== THE TASK ==
Write out, word for word, every line in the data below from the one containing "Středočeský kraj Pronájem" to the one containing "Main Photo: 1650", both of them included.

== EXTRACTED INFORMATION ==
####
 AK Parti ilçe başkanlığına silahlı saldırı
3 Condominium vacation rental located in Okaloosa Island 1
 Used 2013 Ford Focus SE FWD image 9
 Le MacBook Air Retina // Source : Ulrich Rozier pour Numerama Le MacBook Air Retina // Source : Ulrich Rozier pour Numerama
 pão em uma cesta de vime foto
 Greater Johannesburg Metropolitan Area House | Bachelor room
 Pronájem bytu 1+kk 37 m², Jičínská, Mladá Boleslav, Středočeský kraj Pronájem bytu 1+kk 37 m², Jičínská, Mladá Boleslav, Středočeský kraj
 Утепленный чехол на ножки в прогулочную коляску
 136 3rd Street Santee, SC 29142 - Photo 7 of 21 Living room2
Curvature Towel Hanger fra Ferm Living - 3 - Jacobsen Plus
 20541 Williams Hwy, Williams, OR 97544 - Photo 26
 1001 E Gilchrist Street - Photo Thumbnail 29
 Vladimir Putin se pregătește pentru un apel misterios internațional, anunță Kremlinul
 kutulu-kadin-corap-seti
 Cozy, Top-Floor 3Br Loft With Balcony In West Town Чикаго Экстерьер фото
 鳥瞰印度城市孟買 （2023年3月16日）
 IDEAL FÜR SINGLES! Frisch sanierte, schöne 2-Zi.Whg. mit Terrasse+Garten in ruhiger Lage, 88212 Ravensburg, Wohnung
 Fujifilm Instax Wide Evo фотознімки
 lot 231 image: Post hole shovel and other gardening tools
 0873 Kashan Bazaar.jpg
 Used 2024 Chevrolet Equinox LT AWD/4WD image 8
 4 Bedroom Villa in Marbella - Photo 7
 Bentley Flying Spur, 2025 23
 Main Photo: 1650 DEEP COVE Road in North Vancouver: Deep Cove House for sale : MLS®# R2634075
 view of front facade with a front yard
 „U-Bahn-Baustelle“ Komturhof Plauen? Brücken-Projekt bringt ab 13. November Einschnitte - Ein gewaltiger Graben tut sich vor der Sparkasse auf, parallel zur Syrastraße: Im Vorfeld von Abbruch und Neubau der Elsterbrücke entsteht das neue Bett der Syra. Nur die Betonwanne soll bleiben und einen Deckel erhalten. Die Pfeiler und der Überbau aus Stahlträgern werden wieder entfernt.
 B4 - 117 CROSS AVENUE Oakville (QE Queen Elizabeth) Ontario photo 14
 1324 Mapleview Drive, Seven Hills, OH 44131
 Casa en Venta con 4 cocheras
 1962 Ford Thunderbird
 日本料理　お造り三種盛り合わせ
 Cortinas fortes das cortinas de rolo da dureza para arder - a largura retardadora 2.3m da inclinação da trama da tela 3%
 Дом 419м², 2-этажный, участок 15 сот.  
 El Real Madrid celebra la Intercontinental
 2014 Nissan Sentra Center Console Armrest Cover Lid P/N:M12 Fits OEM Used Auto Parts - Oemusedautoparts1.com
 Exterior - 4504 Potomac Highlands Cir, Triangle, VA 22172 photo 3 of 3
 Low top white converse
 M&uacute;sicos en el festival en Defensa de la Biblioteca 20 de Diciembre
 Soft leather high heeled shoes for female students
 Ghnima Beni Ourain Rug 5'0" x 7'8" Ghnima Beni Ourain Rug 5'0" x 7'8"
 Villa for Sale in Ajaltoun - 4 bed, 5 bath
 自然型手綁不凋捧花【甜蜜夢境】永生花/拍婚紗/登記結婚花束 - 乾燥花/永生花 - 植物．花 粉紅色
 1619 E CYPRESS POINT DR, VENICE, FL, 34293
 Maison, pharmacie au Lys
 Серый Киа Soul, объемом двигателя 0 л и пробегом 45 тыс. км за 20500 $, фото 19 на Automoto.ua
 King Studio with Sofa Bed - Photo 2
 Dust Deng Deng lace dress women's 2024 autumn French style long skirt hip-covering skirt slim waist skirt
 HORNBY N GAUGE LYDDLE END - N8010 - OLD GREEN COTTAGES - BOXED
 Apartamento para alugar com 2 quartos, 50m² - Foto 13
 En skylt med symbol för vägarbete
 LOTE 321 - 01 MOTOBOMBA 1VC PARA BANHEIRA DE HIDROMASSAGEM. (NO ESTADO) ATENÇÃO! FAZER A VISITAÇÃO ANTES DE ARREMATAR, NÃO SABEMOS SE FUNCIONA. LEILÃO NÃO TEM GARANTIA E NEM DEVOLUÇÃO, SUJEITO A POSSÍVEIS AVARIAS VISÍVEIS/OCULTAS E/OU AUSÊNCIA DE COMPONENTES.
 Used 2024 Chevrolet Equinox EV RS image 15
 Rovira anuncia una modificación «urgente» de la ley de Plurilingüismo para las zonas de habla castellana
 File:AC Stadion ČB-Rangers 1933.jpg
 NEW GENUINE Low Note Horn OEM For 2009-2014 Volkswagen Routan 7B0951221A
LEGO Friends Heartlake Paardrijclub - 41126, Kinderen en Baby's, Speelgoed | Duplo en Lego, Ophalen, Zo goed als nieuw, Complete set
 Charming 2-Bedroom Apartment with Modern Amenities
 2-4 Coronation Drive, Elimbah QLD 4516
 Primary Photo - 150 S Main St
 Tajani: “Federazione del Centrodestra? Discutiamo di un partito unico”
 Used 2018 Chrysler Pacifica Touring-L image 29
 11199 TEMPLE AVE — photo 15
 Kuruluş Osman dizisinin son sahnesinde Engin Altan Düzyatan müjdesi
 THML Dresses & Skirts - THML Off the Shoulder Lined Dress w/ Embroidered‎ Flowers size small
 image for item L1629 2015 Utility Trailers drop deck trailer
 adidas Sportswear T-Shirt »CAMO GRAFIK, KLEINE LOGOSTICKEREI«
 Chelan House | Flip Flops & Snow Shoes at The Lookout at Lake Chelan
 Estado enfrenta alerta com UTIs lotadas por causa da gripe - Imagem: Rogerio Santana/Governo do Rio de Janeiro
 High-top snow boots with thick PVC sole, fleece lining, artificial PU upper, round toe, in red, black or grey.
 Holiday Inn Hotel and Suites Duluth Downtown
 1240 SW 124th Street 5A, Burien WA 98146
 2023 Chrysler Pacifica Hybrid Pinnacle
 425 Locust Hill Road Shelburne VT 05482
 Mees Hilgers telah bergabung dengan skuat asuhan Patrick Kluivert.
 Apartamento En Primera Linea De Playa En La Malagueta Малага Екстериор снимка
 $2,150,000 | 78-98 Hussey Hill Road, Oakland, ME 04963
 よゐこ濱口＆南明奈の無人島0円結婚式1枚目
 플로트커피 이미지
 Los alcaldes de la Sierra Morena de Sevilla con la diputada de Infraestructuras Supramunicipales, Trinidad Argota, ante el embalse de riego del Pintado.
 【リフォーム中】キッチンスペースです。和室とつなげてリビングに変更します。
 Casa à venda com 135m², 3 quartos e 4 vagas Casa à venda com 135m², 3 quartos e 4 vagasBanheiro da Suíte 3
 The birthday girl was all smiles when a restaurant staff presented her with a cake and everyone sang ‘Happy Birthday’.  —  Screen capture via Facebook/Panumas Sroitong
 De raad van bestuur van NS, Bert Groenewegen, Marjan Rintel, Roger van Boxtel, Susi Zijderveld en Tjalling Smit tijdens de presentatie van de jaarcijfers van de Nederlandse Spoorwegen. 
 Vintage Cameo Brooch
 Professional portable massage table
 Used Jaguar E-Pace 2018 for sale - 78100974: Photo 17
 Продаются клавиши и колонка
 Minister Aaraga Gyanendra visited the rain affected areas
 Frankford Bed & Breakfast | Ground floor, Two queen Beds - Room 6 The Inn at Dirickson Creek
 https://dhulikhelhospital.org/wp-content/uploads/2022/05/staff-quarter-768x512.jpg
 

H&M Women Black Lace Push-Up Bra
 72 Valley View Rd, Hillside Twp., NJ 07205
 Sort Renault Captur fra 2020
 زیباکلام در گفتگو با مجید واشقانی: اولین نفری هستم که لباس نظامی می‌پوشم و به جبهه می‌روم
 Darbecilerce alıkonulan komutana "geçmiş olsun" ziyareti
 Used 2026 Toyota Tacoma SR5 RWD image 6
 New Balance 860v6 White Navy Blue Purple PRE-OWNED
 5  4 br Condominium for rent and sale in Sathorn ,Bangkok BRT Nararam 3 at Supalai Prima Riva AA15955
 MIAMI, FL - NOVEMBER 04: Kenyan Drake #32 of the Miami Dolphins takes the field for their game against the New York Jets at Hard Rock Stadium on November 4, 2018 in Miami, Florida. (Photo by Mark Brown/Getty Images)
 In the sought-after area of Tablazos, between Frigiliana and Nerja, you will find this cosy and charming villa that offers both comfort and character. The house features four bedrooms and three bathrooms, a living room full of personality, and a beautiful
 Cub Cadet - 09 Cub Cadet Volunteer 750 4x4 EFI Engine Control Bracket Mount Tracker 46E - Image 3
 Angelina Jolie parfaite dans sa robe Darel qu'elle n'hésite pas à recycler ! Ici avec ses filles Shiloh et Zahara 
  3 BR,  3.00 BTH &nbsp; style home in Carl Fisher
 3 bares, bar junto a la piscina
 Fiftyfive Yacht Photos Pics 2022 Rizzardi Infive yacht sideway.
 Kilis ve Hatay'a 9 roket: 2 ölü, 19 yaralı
####
== OUTPUT FOR THIS TASK ==
 Pronájem bytu 1+kk 37 m², Jičínská, Mladá Boleslav, Středočeský kraj Pronájem bytu 1+kk 37 m², Jičínská, Mladá Boleslav, Středočeský kraj
 Утепленный чехол на ножки в прогулочную коляску
 136 3rd Street Santee, SC 29142 - Photo 7 of 21 Living room2
Curvature Towel Hanger fra Ferm Living - 3 - Jacobsen Plus
 20541 Williams Hwy, Williams, OR 97544 - Photo 26
 1001 E Gilchrist Street - Photo Thumbnail 29
 Vladimir Putin se pregătește pentru un apel misterios internațional, anunță Kremlinul
 kutulu-kadin-corap-seti
 Cozy, Top-Floor 3Br Loft With Balcony In West Town Чикаго Экстерьер фото
 鳥瞰印度城市孟買 （2023年3月16日）
 IDEAL FÜR SINGLES! Frisch sanierte, schöne 2-Zi.Whg. mit Terrasse+Garten in ruhiger Lage, 88212 Ravensburg, Wohnung
 Fujifilm Instax Wide Evo фотознімки
 lot 231 image: Post hole shovel and other gardening tools
 0873 Kashan Bazaar.jpg
 Used 2024 Chevrolet Equinox LT AWD/4WD image 8
 4 Bedroom Villa in Marbella - Photo 7
 Bentley Flying Spur, 2025 23
 Main Photo: 1650 DEEP COVE Road in North Vancouver: Deep Cove House for sale : MLS®# R2634075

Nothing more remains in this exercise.